### What the task asks
Give the lines again exactly as they appear, from the first line of the listing through the line containing "So if you have", and omit every picture.

+++

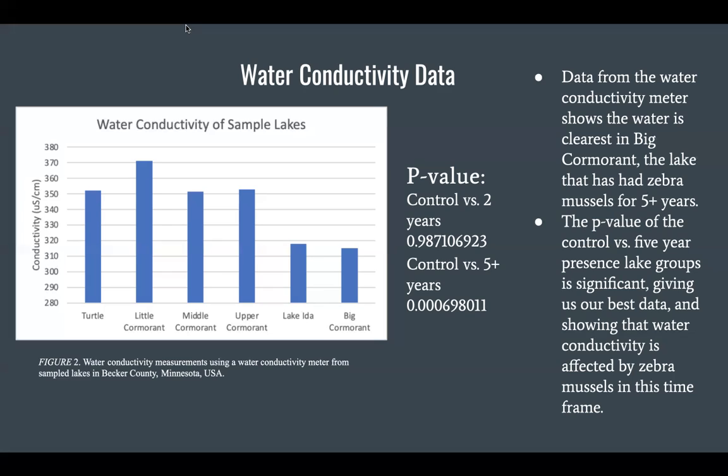However, the comparison of the control lakes with the two-year mussel presence lakes, Upper and Middle Cormorant, did not return a statistically significant p-value — it was 0.987, which supports the null hypothesis. This analysis supports the idea that possibly two years was not long enough to observe a noticeable difference, but further research would need to be done.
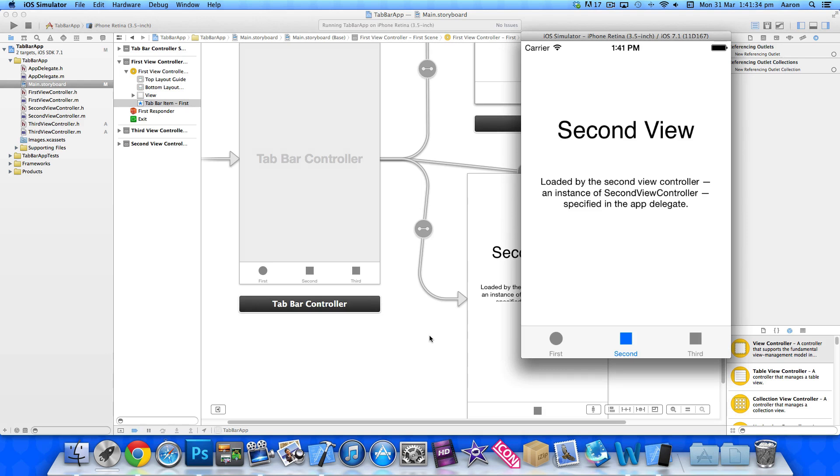Hey guys, this is Aaron from GeekMD Development and welcome back to part 2 of our tab bar application series, our final part as well.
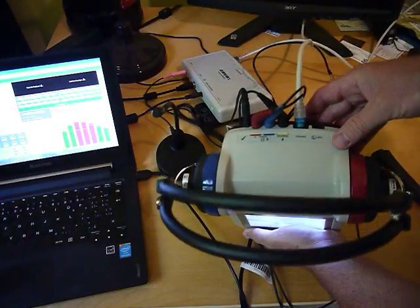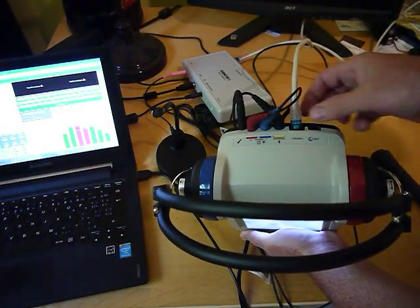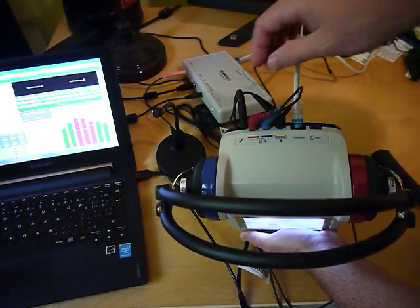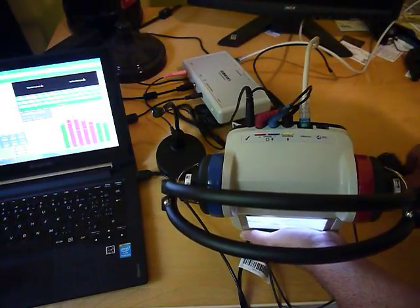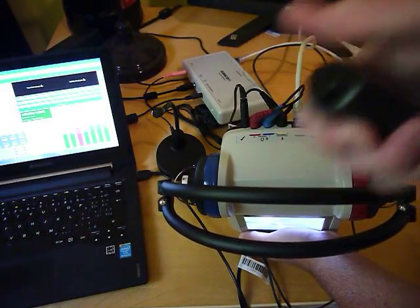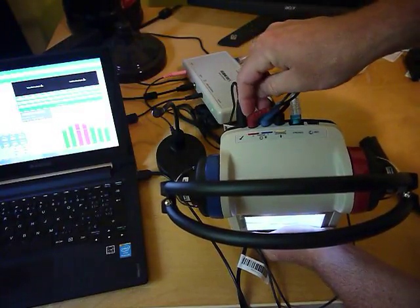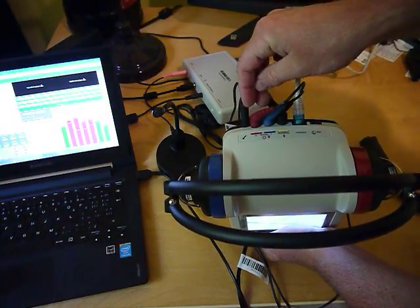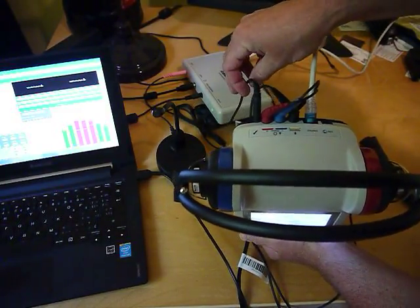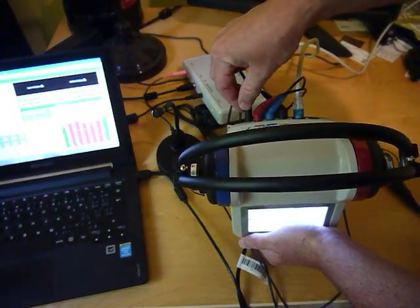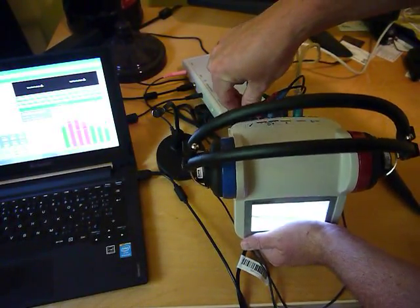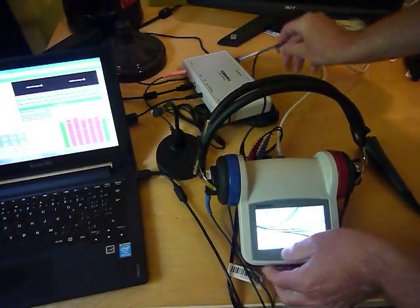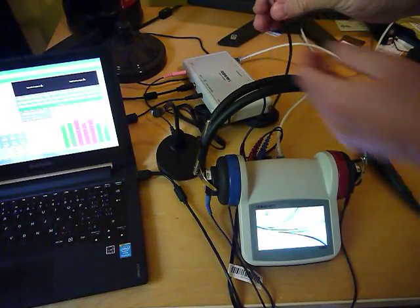On the back here is the connection from the interface box, the response button connection, and the left and right headphone connections. We also have this optional room noise monitoring microphone which is right here.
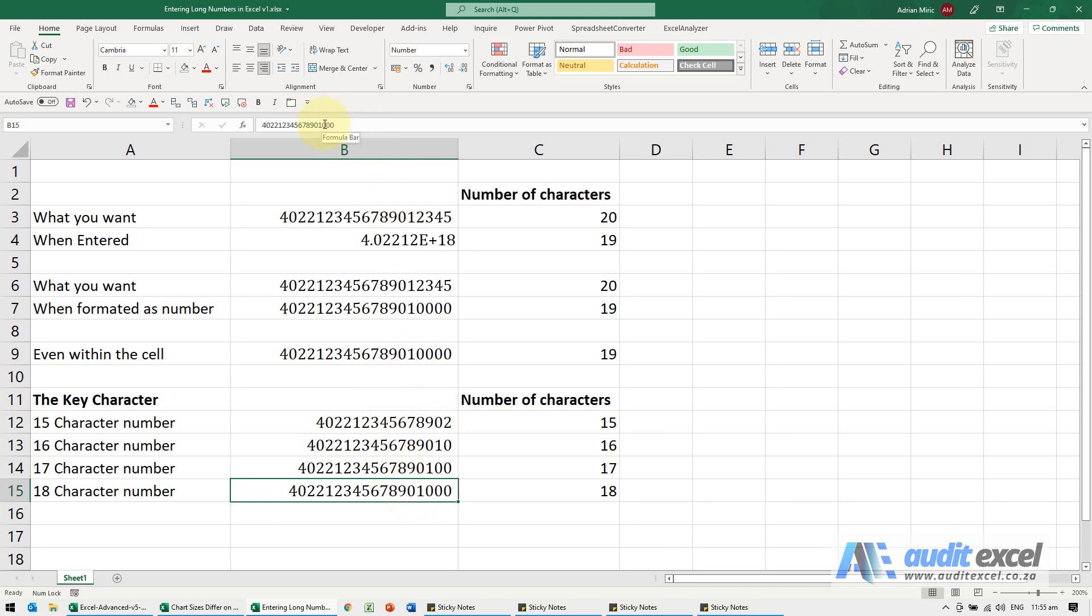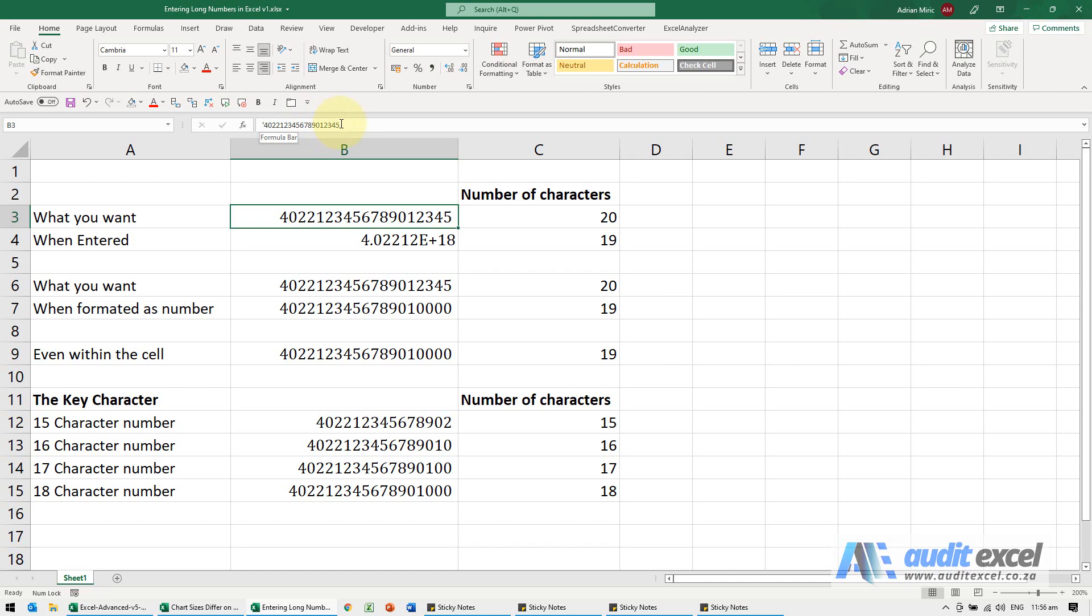So if you have very long numbers like this, they're very rarely actual numbers you plan to add together. So you need to capture them with apostrophe in front so that they actually maintain the integrity of the number.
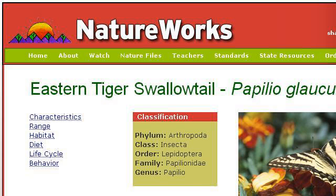Our top-ranked site to learn about Characteristics of the Tiger Swallowtail Butterfly is www.nhptv.org. See the page titled Eastern Tiger Swallowtail, Papilio Glaucus, Nature Works. Here's the link.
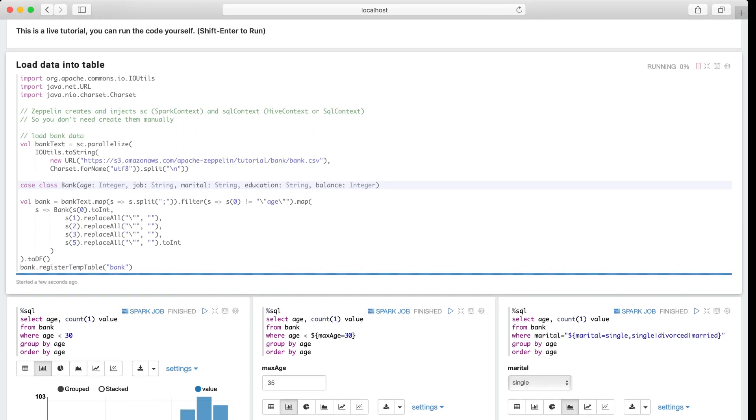And let's just wait for the Spark execution to launch. Because this is the first time we launched the Spark code, so it will take a little longer. Just be patient.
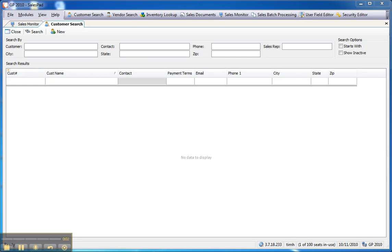The purpose of this short video is to show how SalesPad can help users extend the data that they're storing and viewing through the creation of unlimited user-defined fields on key business objects throughout SalesPad.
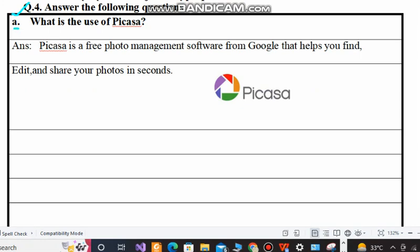Question number A: What is the use of Picasa? The answer is: Picasa is a free photo management software from Google that helps you find, edit and share your photos in seconds. So it is very simple — Picasa is provided by Google which helps us to find, edit and share our photos in seconds.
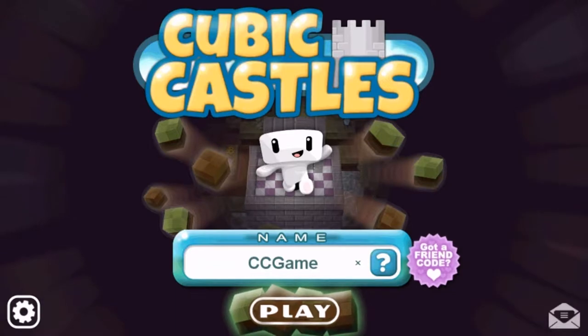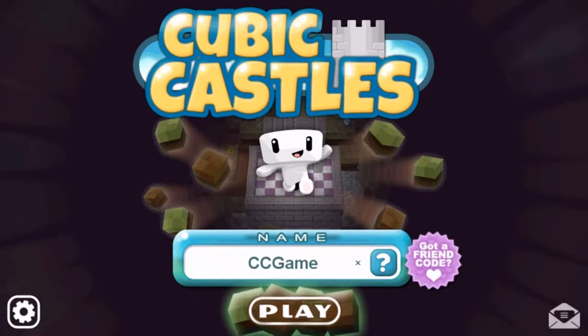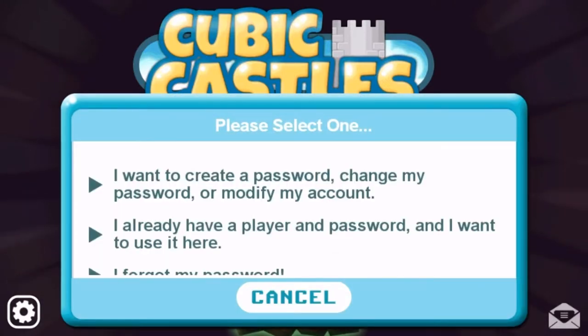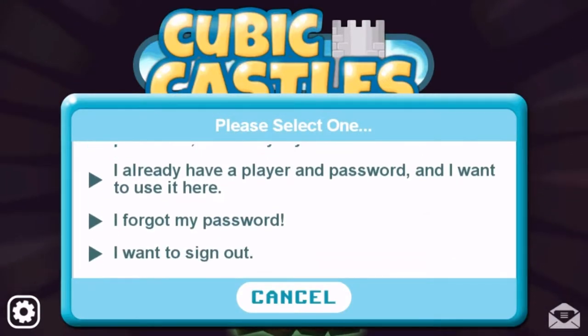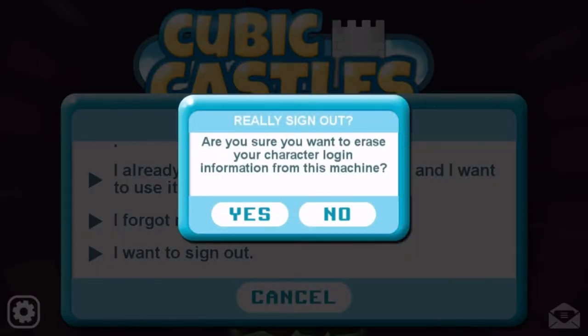First, you'll click on the button with the interrogation mark. Now go down and click 'I want to sign out.' Do not forget to click yes. Ready.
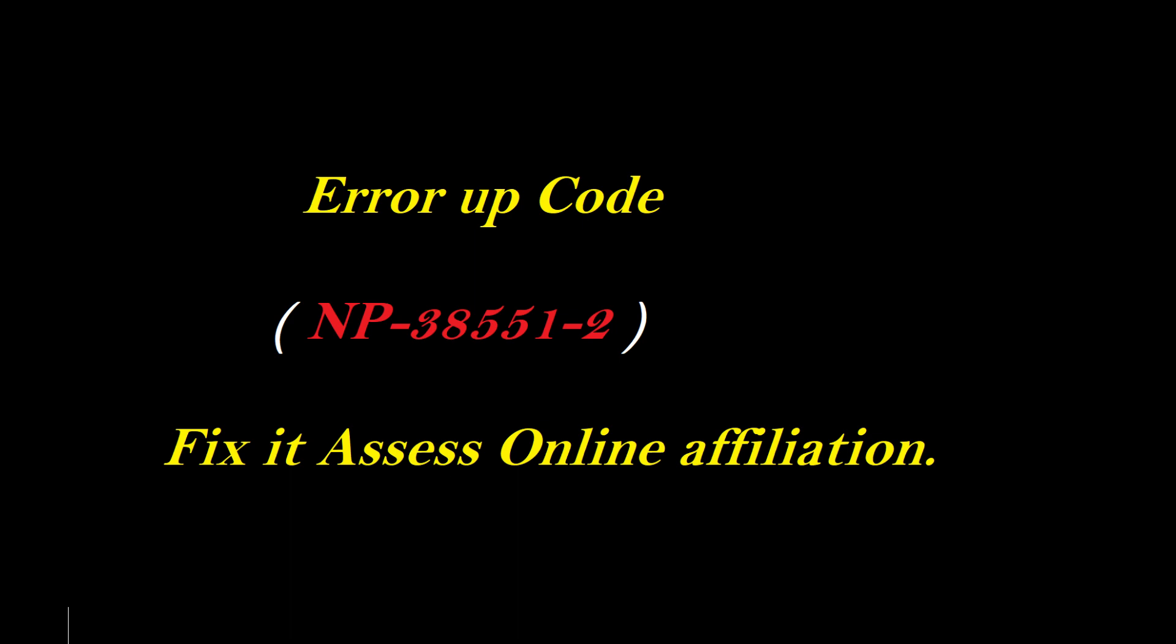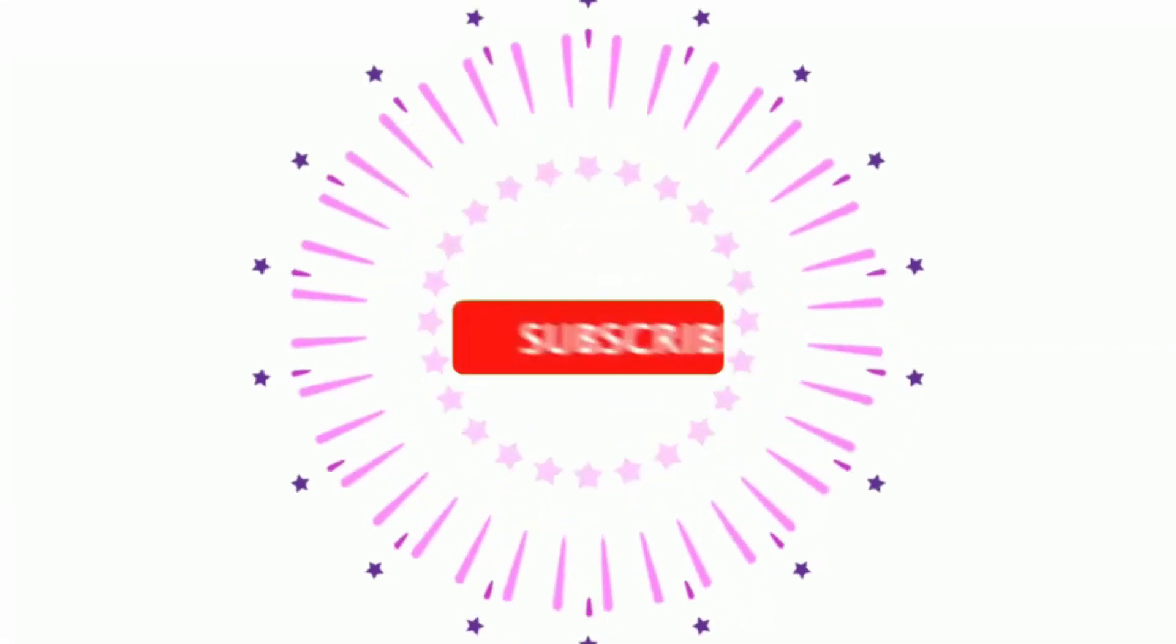Please like this video. If you haven't subscribed to my channel, please subscribe and press the bell icon. Thank you.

+++

### Worked solution
However, the comparison of the control lakes with the two-year mussel presence lakes, Upper and Middle Cormorant, did not return a statistically significant p-value — it was 0.987, which supports the null hypothesis. This analysis supports the idea that possibly two years was not long enough to observe a noticeable difference, but further research would need to be done.
Hey guys, this is Aaron from GeekMD Development and welcome back to part 2 of our tab bar application series, our final part as well.
On the back here is the connection from the interface box, the response button connection, and the left and right headphone connections. We also have this optional room noise monitoring microphone which is right here.
So if you have very long numbers like this, they're very rarely actual numbers you plan to add together. So you need to capture them with apostrophe in front so that they actually maintain the integrity of the number.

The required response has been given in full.